You can see this at:

https://tomjn.com/wp-json/tomjn/v1/test

With this I can do a number of things:

  • specify that the user must be logged in and exactly what they need to be able to do this
  • specify the arguments
    • specify the type and sanitiser for each argument separately
    • specify if they're required or not
  • specify if an endpoint is for reading writing or both

All of which are handled by code written for core. Of course you can implement all of this yourself by hand in each WP AJAX handler, but this is much more concise and tested ( and there are few in the WP community experienced enough to do this properly ), e.g. to make my endpoint above only available for admins:

register_rest_route( 'tomjn/v1', '/test/', array(
    'methods' => 'GET',
    'callback' => 'tomjn_rest_test',
    'permission_callback' => function( $req ) {
        return current_user_can('manage_options');
    }
) );

As a bonus, it makes certain best practices much easier to use, such as returning data not HTML, uses standard HTTP GET PUT POST etc, and returns a JSON response that can be validated

What's so bad about an endpoint being always active?

Earlier I mentioned that a native endpoint is active, even if the plugin it's inside is disabled. The only way to turn it off is via internal checks, or by deleting the file. Why is this bad though?

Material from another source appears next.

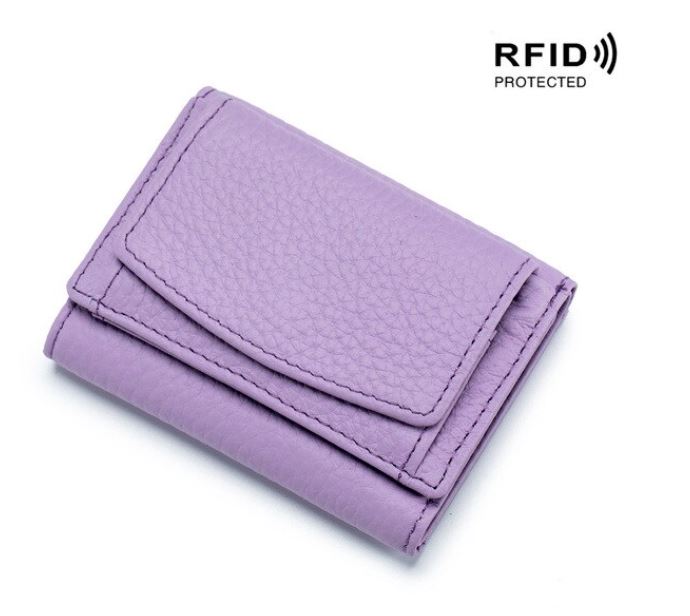 VAELIS™ SecureMini – Kompakte Leder-Miniwallet mit RFID-Schutz [50% Rabatt]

The crux of this, is that what might be appropriate in one circumstance, may not be in another.

For example, scenario 1:

An admin installs a plugin that allows users to login and register on the frontend without refreshing the page. To do this the plugin has an endpoint to create users. However, the admin realises that registration isn't what they wanted, only login, and deactivates the plugin. The files are still there however, and users can still load the endpoint to create new users.

Scenario 2:

A plugin is being used on a multisite install to send emails to the administrator of a blog via a contact form. This is all working as expected, but there are other blogs on the site who have no interest in this functionality. By changing the domain used for the blog, an attacker can send emails to the admins of these other blogs by loading the endpoint used by the contact form in the context of the other blogs on the network, sending emails to anybody who has an admin role anywhere on the multisite installation

Scenario 3:

A plugin has a useful debug feature that allows users to change their emails, but for security reasons you've turned this feature off. However, the endpoint that handles the email change form is a standalone file, anybody who knows how the form is built can still change their email


The main downside of writing a custom file endpoint is that your file would not know where wp-load.php is in general case. Whenever you are in WP environment you have the context provided. If you are trying to find where WP core from arbitrary PHP file it's not going to work for all possible configurations out there.

So the biggest downside of this technique is that it cannot be distributed in public extensions.